Keith, thank you so much for that. I really do appreciate your appreciation. Martin
Great article as always! I have a question about the going train. Is there any particularly advantage or disadvantage to the lack of center wheel? It seems like a pretty clever layout, particularly how it drives the second pinion along the way. I could see the driving wheel on the dial side is mildly inconvenient, from an assembly and main-plate-machining perspective. Am I missing anything else? Thanks!
Hi Steve, sometimes I wonder if different movement designs necessarily offer real benefits or whether they are just a demonstration of engineering ingenuity. I would say that the centre wheel arrangement is more straightforward in terms of sequencing the reassembly and at least in terms of my limited experience of having serviced both Cronos and Ace movements, I have found the former easier to extract a really good performance from. There doesn’t seem much else in it between the two approaches.
Thanks Martin, that makes sense.
Tangentially related, have you ever worked on Citizen quartz movements? I just picked up a Citizen with a 7100 series movement and I may pick your brain if you have.
Hi Steve, the only quartz Citizens that I’ve worked on have been modern Ecodrive models. I am on the lookout for a vintage quartz or two but nothing has yet pushed my buttons.

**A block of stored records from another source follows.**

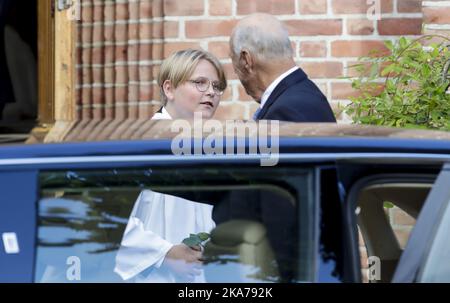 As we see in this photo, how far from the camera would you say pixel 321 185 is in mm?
2846

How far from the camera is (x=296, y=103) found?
15.9ft

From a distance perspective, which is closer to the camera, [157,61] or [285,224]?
[285,224]

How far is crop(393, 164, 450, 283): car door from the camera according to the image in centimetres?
287

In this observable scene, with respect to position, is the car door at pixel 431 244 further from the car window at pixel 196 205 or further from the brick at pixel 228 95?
the brick at pixel 228 95

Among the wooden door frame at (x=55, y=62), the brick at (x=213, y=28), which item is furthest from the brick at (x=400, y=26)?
the wooden door frame at (x=55, y=62)

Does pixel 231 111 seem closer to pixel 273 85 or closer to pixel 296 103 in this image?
pixel 273 85

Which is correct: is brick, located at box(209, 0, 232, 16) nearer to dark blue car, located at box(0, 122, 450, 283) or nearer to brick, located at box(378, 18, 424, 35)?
brick, located at box(378, 18, 424, 35)

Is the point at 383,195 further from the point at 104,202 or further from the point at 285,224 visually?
the point at 104,202

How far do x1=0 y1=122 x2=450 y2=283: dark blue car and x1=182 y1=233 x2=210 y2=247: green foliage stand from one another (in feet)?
0.40

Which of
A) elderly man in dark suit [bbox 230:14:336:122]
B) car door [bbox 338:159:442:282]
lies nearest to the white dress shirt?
car door [bbox 338:159:442:282]

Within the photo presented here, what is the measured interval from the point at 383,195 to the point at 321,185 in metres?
0.46

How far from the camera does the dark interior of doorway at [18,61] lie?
8.22m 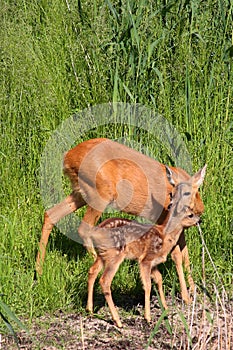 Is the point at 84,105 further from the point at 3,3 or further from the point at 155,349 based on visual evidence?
the point at 155,349

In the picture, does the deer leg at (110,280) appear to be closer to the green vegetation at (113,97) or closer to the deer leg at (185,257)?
the green vegetation at (113,97)

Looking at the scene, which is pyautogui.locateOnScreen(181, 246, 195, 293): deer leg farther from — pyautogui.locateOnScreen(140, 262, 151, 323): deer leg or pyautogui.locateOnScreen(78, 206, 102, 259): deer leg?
pyautogui.locateOnScreen(78, 206, 102, 259): deer leg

No worries, I found a technical manual and think I understand things. I also discovered it’s actually a 7340E movement once I popped the caseback off, despite 7100 being on the dial. The old quartz Citizens are every bit as nice as comparable Seikos, so I’d definitely suggest picking one up!
Hi Steve, Great post! I wonder if you might share the O ring size you used for the crown packing. I’m doing one now and this would be very useful! Thanks!
The gasket I used was Cousins part number G30875 but I note that they don’t list this size any more. If you go onto their site and look at G30874 and G30876 you may be able to figure out the dimensions.
Thanks! I was able to find the dimensions in an older catalog for G30875. They are: 2.15 x 0.75 x 3.65mm. Love your work! PS- sorry for the name mixup. Coffee deficiency…
For anyone else who may need this, It looks like the G30875 was replaced by a Cousins branded O ring, G61432, of the same dimensions.
Hi – just curious. Are you doing the crown restoration on an old Parawater? I have an old X-Case Parater Jet that is my favorite watch and am trying to get it back to some degree of waterproofness myself.
Gareth Cook said:
I love the way you were willing to tackle the problem of the crown seal. That seems to be the main obstacle for returning these old Parawaters to some degree of water resistance.
It just doesn’t seem right to leave a watch named Parawater without the means to deal with a bit of moisture. Thank you!
Well, I am impressed. As far as I know, you are the only person to work on the Parawater crown gasket . I have a few of these old Parawaters and no watchmaker I have ever contacted has been willing to take it on – they seem view the crown as a single replaceable/non-repairable unit (which are, of course, no longer available). Yet it actually seems pretty straightforward. This could well serve as a template for others to follow.
But I very much agree that a Parawater needs to be water resistant – I love those stories of them hanging beneath buoys in the Pacific for months, and still watertight when found.
I’ve just got into the habit of trying to rebuild them having got to grips with the Seiko 6105/62MAS crowns. Once you’ve done a few then it becomes part of the routine.